20 September 2024

When it comes to tackling climate change, keeping materials and products in the economy for as long as possible would be one solution. This came to be known as a circular model, as opposed to a linear model, which goes in a straight line from raw material to waste.

The European Commission adopted the new circular economy action plan (CEAP) in March 2020, with the aim to make the circular economy a reality in the EU. Meanwhile, in Thailand it is slowly taking shape. Moreloop, a Bangkok-based start-up, is making strides towards turning the circular economy into a fact and has built an online marketplace for the purchase of surplus fabric from factories

Surplus fabric used to be known as dead-stock. This term has a negative connotation and customers felt that these raw materials had to be defective. Surplus fabric in garment industry mainly results from up to 10% extra fabric being ordered for each customer’s order, for contingencies during the manufacturing process. Embroidery thread and buttons are also common waste in industrial production and up to 25% of the fabric is wasted during the cutting process.

Buyers would sometimes purchase those fabrics in bulk at waste prices from textile mills, but it was more common for factories to store the fabrics in their warehouses, since it wasn’t lucrative to sell them.

From left to right, Thamonwan Virodchaiyan and Amorpol Huvanandana

Thamonwan Virodchaiyan is a second-generation garment manufacturer, whose family own a textile mill in Bangkok. After seeing all the leftover fabric piling up in the warehouses, she started looking for solutions to the waste problem in the textile industry.

“It became my pain point, I wanted to do something about it, because we did export products for European brands, so the fabric was of high quality. I just felt bad if we had to throw it away or destroy it or keep it until it’s not possible to use it anymore,” she says.

She joined forces with Amorpol Huvanandana, who has experience with digital marketplaces and banking. Together, they founded Moreloop.

“I wanted to make a change, become a change maker regarding waste material. It’s a subject that fascinates me. When I was younger, I learned that plastic takes 450 years to break down, so I used to have nightmares about waste taking over the world. In fewer than 30 years, that happened. So, I wanted to find a solution and one of the solutions I had heard of, which is interesting, is the circular economy. I wanted to test this concept by using the digital economy and digital systems to infuse this idea and to see whether it can happen,” Amorpol says.
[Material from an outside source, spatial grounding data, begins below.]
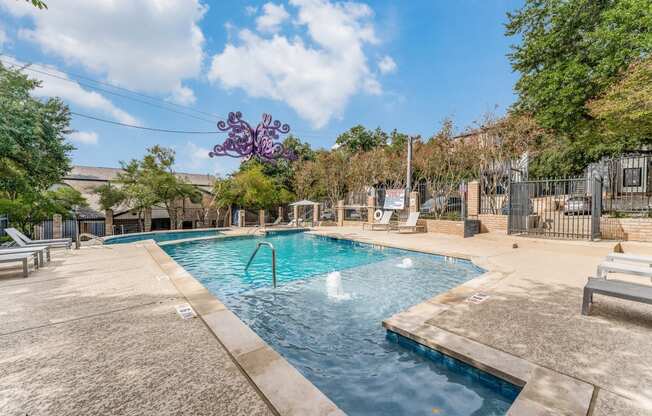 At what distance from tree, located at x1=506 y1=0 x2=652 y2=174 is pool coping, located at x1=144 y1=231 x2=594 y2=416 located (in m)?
12.9

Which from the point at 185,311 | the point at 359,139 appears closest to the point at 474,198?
the point at 185,311

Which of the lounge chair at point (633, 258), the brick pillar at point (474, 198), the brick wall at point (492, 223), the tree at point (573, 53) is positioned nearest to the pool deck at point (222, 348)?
the lounge chair at point (633, 258)

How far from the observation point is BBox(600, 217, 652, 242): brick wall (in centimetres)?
806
The ideology of Moreloop seems attractive but, in reality, customers question the quality of surplus materials. Thamonwan emphasised that the communication with clients, who are unfamiliar with surplus material, is crucial.
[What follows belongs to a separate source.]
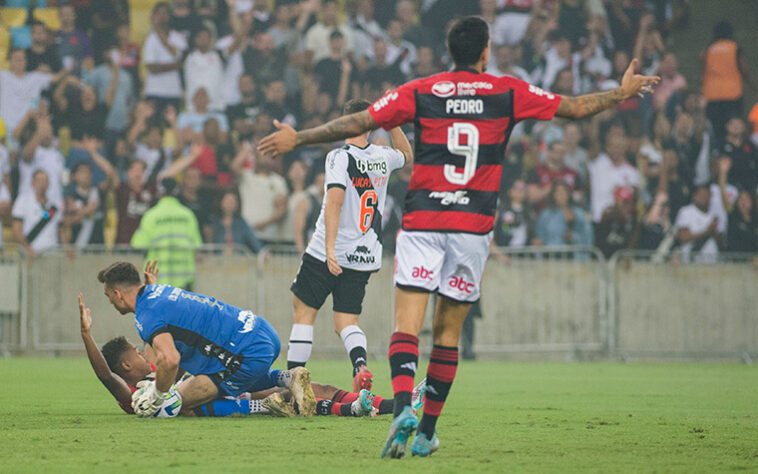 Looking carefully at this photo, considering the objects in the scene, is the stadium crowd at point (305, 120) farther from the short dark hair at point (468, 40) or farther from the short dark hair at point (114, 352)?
the short dark hair at point (468, 40)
“We face some difficulties when we communicate with buyers. Why can’t they have their pantone colour? Why can’t they have an exact product from their design? Using the leftovers is limited in terms of colour, quality and quantity of the fabric we have. I have to show them what the real leftovers in Moreloop are like. Customers are curious about the fabric quality. It means that the fabric and the products that we offer must be of the quality for which they are looking.’’

Both co-founders have worked on over four hundred orders for corporate uniforms, which is one of Moreloop’s main revenue streams. Focusing on the quality of their 3,000 different types of waste fabric and making products based on them when an order requires it, they have engaged in a process called “upcycling”, in which a company reuses discarded or waste material and gives it a new value.

The start-up has digitalised surplus fabrics from seventy different factories. Their inventory has well over one million yards of fabric. Around 10 tons, or about thirty thousand yards of fabric were used through the platform last year, and that volume has been growing by as much as 30% each year. The company’s objective is to prevent 1 million kilograms of CO2 from being released into the atmosphere by 2024.

In Thailand, there are around 33 million tons of industrial waste generated each year. It will take time for a circular industry to grow and be able to make full use of that waste. As of now, there are only a few pioneers in the market, but Amorpol and Thamonwan hope to see an equilibrium achieved between the linear and circular economies.